El cuento de Marta Copetti sobre al asesinato del “anarquista”

Un Ácrata en el Pueblo
Anselmo, sentado en el borde de la acequia, se tapó los azules y cansados ojos con la mano grandota y las grietas de la palma dibujaron pequeños surcos en la barba de días.
Los maizales no daban más.
De riego, solo alcanzó para las hortalizas y dar de beber a los animales.
Otro año sin cosecha llevaba a los hombres a la desesperación.
En el ocaso de esa caliente jornada, Anselmo, robusto y con las sienes entrecanas, ya había perdido la cuenta de la cantidad de días sin un atisbo de lluvia, sin embargo oteaba el horizonte buscando una miserable nube que anticipara el cambio de clima.
Un fuerte olor a cebolla frita, le anticipó el repetido menú de la cena: guiso de papas.
Harto de ese olor, de esa comida y del parloteo de los hijos alrededor de la mesa, escupió con fuerza en la tierra reseca y partió para el boliche.
Ahí la conversación giró sobre el mismo tema, pero con unos vasos de tinto la gravedad parecía atenuarse.
Jorge, compadre de Anselmo, con la gorra apretujada entre las manos, tomó la palabra y el silencio se apropió del lugar.
“¿Saben qué dijo el cura en la misa del domingo?”
“Yo fui -dijo Santiago-, pero como me siento en los últimos bancos no escuché nada”.

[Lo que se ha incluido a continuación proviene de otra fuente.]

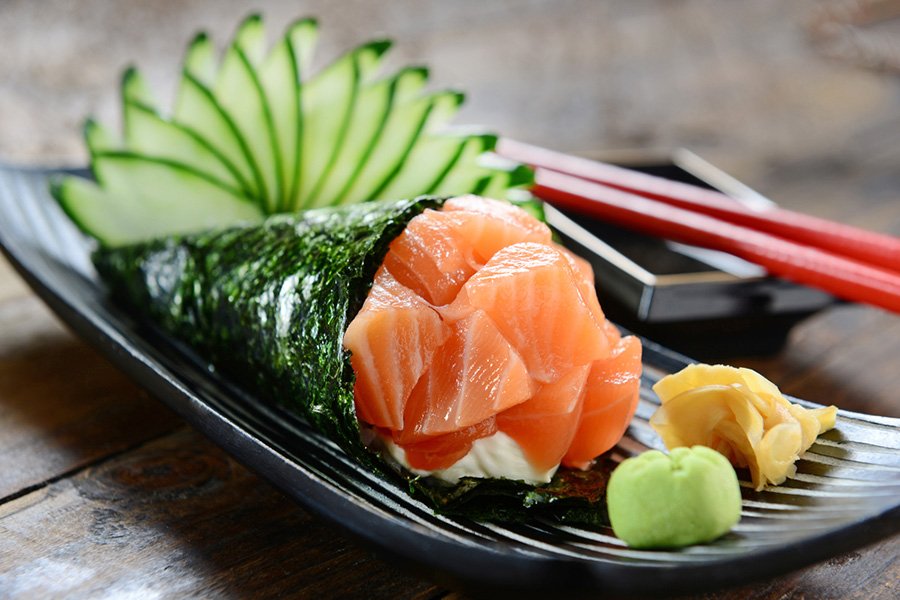Saiba mais sobre o temaki, delícia japonesa que está conquistando o Brasil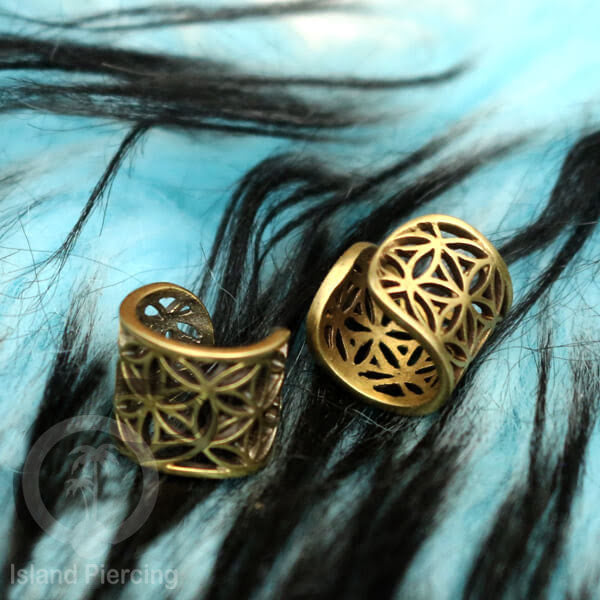 Brass Ear-cuffs anting perhiasan kuningan penjepit telinga banyak variasi unik.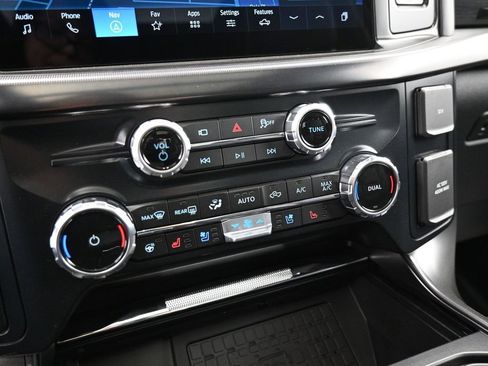 New 2025 Ford F150 Lariat w/ Equipment Group 502A High image 17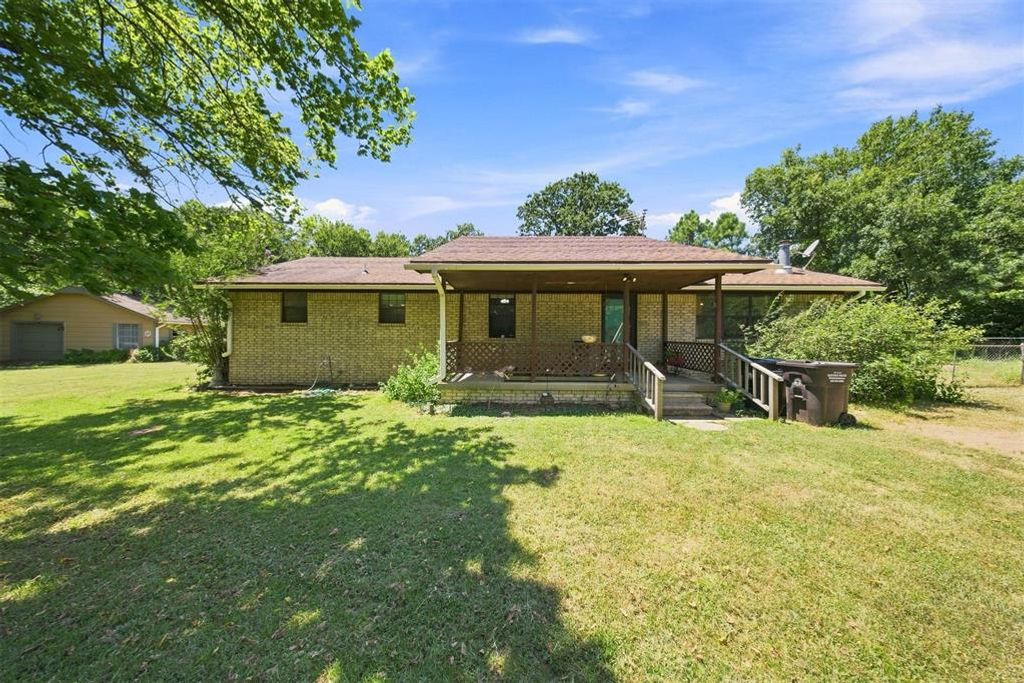 662 S Range Road, Mcloud, OK 74851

“Mirá -intervino Juan-, ustedes saben que a mí las predicas de los curas no me interesan, así que crucé a lo de Pancho por un Cinzano”.
Los otros que los rodeaban pusieron cara de nada y ahí fue que Jorge alzó la voz para que todos lo escucharan e imitando la postura y la voz del sacerdote dijo:
“¿Saben ustedes por qué hay tanta sequía? ¿Saben ustedes por qué hace dos años que aquí no se cosecha nada y el agua apenas alcanza para que no se mueran los animales?”

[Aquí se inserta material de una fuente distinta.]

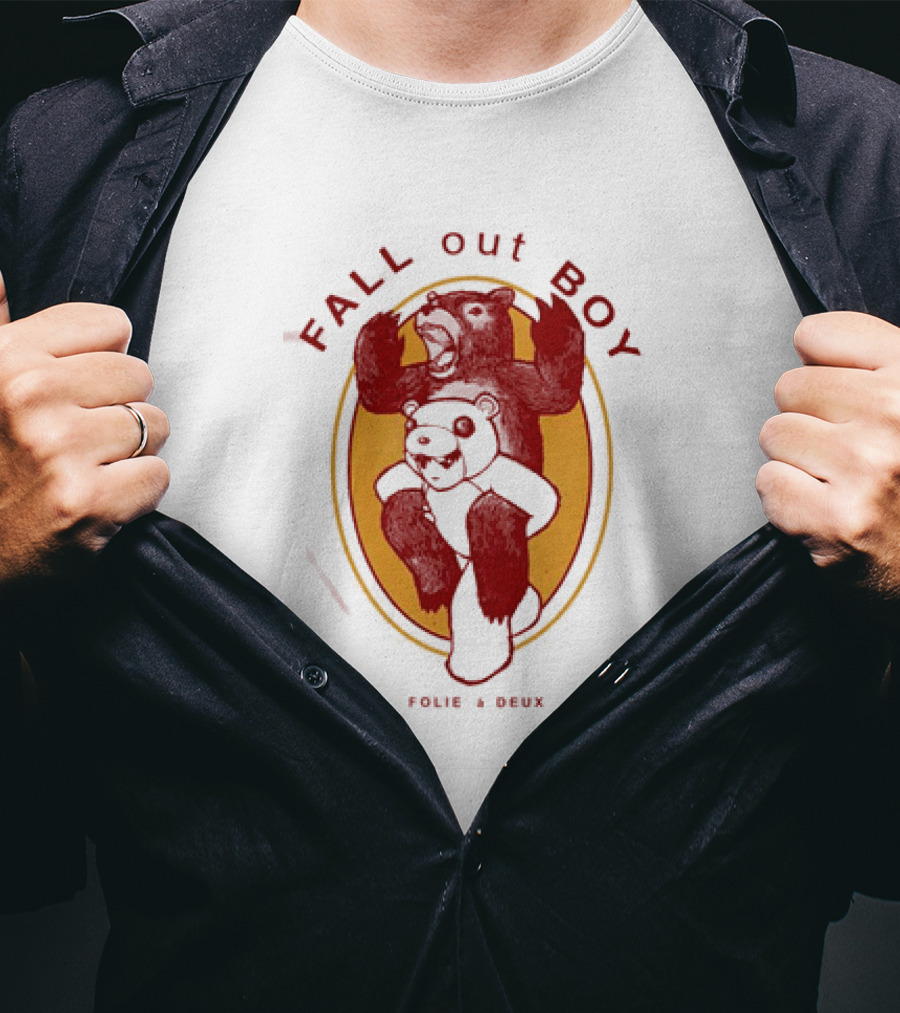 FALL OUT BOY FOLIE À DEUX Bear And Panda T-Shirt
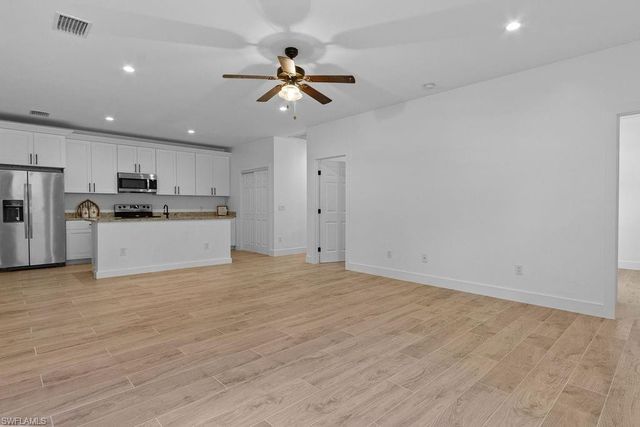 2008 Robert AVE, Alva, FL 33920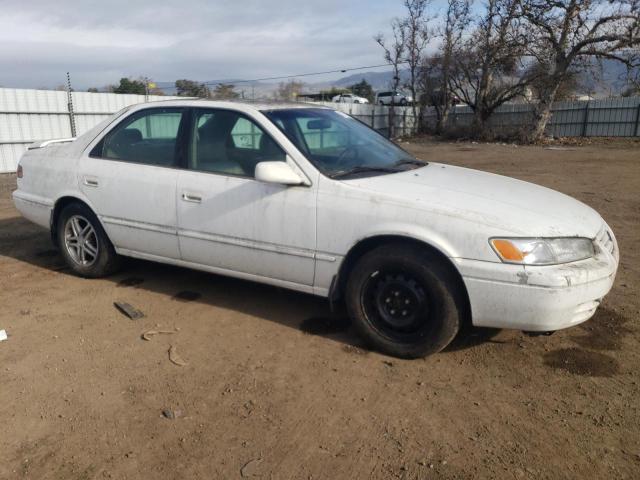 4T1BF22K8XU089736 | 1999 Toyota camry le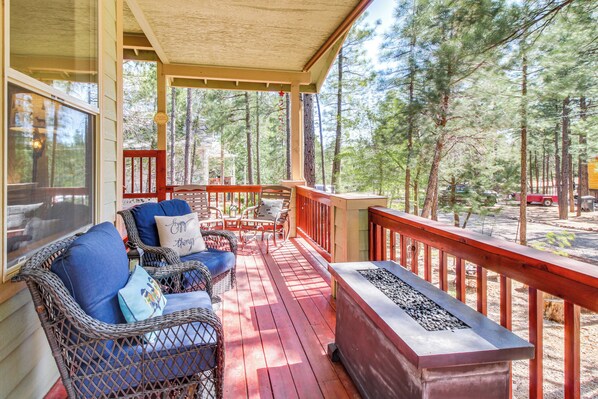 House (3 Bedrooms) | Interior - Walk to Rainbow Lake: Peaceful Cabin w/ Fire Pit (Lakeside)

Y Jorge siguió en el mismo tono: “¡Porque hay entre ustedes uno que no le teme a Dios, que no cree en Dios, uno que no viene a la misa porque dice que Dios no existe, uno que es anarquista!”.
Aquí Jorge volvió a tomar aire y remató:
“¡Ese es el que no deja llover aquí, ese está provocando que los hombres abandonen el pueblo y dejen que sus mujeres e hijos se mueran de hambre! ¡El anarquismo nos está matando! ¡Matemos al anarquismo!”.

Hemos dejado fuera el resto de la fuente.